> [Data for processing]
....................
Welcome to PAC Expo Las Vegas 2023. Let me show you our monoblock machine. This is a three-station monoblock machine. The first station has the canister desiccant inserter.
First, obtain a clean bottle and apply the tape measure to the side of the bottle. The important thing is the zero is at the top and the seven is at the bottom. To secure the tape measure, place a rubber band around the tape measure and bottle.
....................
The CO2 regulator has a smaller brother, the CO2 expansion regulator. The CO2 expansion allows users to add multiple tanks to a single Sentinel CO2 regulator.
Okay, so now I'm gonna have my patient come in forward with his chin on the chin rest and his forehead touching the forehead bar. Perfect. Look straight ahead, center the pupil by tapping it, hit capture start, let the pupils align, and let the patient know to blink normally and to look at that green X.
....................
> [Action item]
Leave out every line above except those from the line with "The CO2 regulator" up to and including the line with "Okay, so now", and copy those exactly.

> [Problem solution]
The CO2 regulator has a smaller brother, the CO2 expansion regulator. The CO2 expansion allows users to add multiple tanks to a single Sentinel CO2 regulator.
Okay, so now I'm gonna have my patient come in forward with his chin on the chin rest and his forehead touching the forehead bar. Perfect. Look straight ahead, center the pupil by tapping it, hit capture start, let the pupils align, and let the patient know to blink normally and to look at that green X.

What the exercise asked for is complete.